Ocio y Cultura

Adiós al pintor José Ignacio Baqué, uno de los componentes del grupo Azuda-40

El artista, enfermo de cáncer, apostó por la figuración en sus últimos años

José Ignacio Baqué Calvo en su estudio de Zaragoza, en 2008.
Pedro Etura/Heraldo

Ha fallecido José Ignacio Baqué Calvo, un pintor personalísimo que descubrió su vocación a los 14 años y continuó pintando hasta los últimos días. El artista se consideraba desde hace algún tiempo un superviviente del cáncer, pero al final la enfermedad reapareció sigilosa y mortal. La última exposición de Baqué, hijo del pintor José Baqué Ximénez, se tituló ‘El arrebato de vivir’, se celebró en Bantierra en 2013 y era su manera de dar gracias a la vida, a la pintura, a la creación y a la vocación, insoslayable y decisiva.

José Ignacio Baqué nació en Zaragoza el 18 de septiembre de 1941, estudiaría en la Escuela Superior de Arquitectura de Barcelona, aunque no completó la carrera, y regresó a Zaragoza, donde iniciaría su carrera, primero en una figuración expresionista, luego desembocó en la abstracción, abundante de materia y con un colorido sobrio y terroso.

Poco a poco fue haciéndose con un sitio en el arte en Aragón, ganó algunos premios y empezó a exponer con asiduidad. Entre 1972 y 1974 perteneció a un grupo muy importante en Zaragoza, Azuda-40, del que se hará una exposición antológica en el Paraninfo a partir del próximo mes de enero, bajo la dirección de Lola Durán. Eran los tiempos de las rebeldías políticas, y Baqué también fue crítico y rebelde.

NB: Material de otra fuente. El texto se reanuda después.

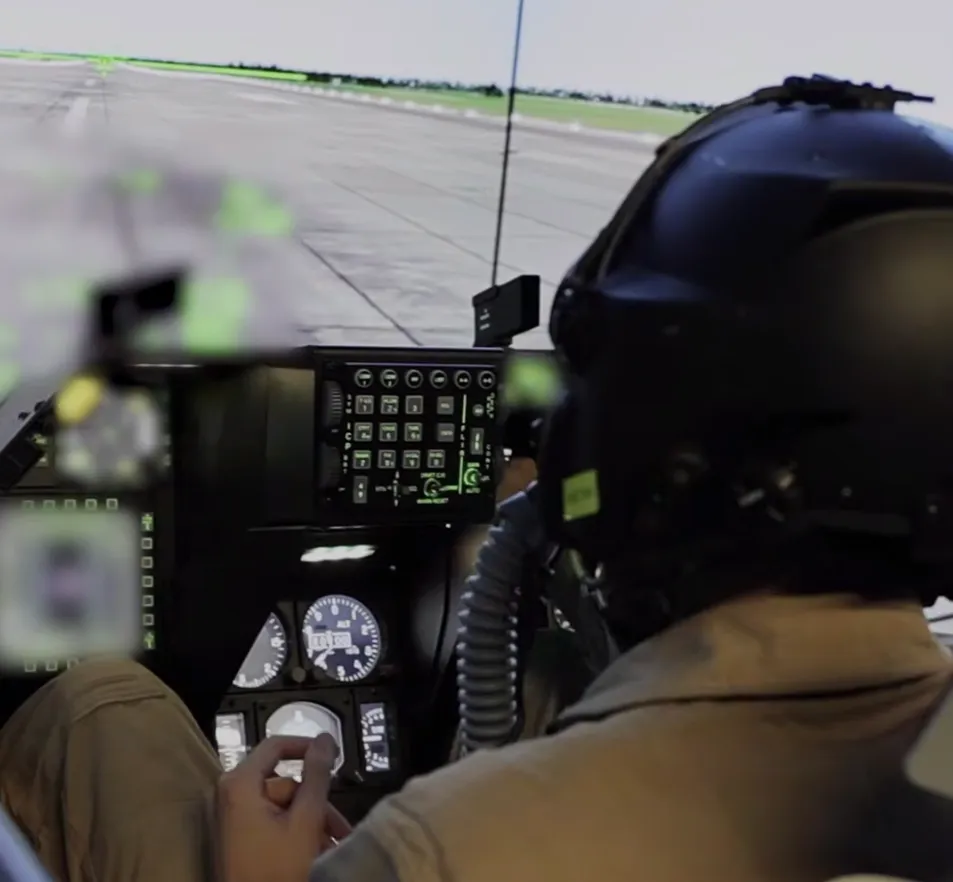 Україна отримала нові тренажери F-16.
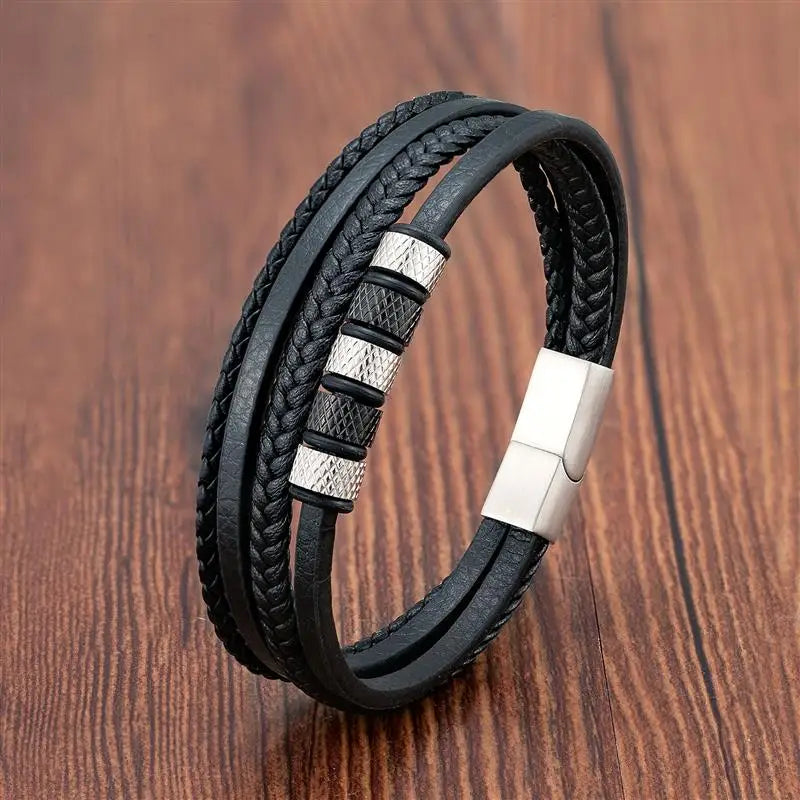 Pulseira Nômade Prateada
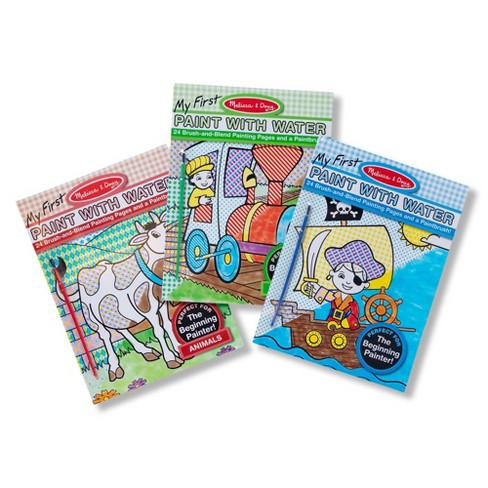  Melissa & Doug On the Go ColorBlast! Activity Books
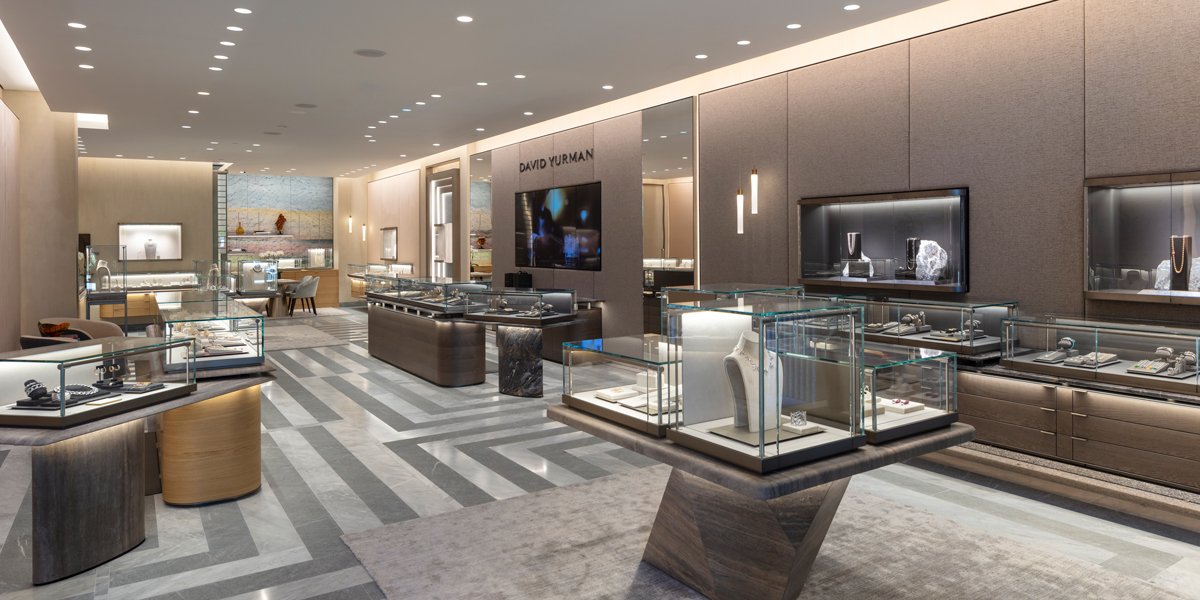 David Yurman Announces Opening Of New Store At The Mall At Short Hills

José Ignacio Baqué alternaba el dibujo con la pintura al óleo de diversos formatos. Solía decir: «Cada cuadro es una aventura. Una viaje hacia lo desconocido y, por tanto, un descubrimiento». Desde hacía años había desembocado de nuevo en la figuración: los objetos, las muñecas, las niñas, los rostros, sillas, botellas, sardinas, bodegones, mares o bosques. Solía decir que le atraían el teatro (en especial la comedia del arte, pero también las marionetas), los actores o el circo. Pero en realidad le fascinaban los seres humanos y trabajaba arropado y querido por María José Barroso, su mujer, a la que le dedicó uno de sus mejores cuadros, del que se sentía orgulloso.

Al fin y al cabo, más en serio que en broma, solía decir: «A mí me gustan las mujeres. Me apasiona el misterio de los rostros femeninos». Vivía retirado y concentrado en sus sueños y sus pasiones: la lectura, el arte de pensar y la pintura, ese oficio tan deleitoso del que no querría jubilarse nunca. Pintar fue, en cierto modo y sin ánimo de frivolizar, un antídoto contra el cáncer. Tenía un bonito estudio, acristalado, y le gustaba decir que percibía el cambio de las estaciones.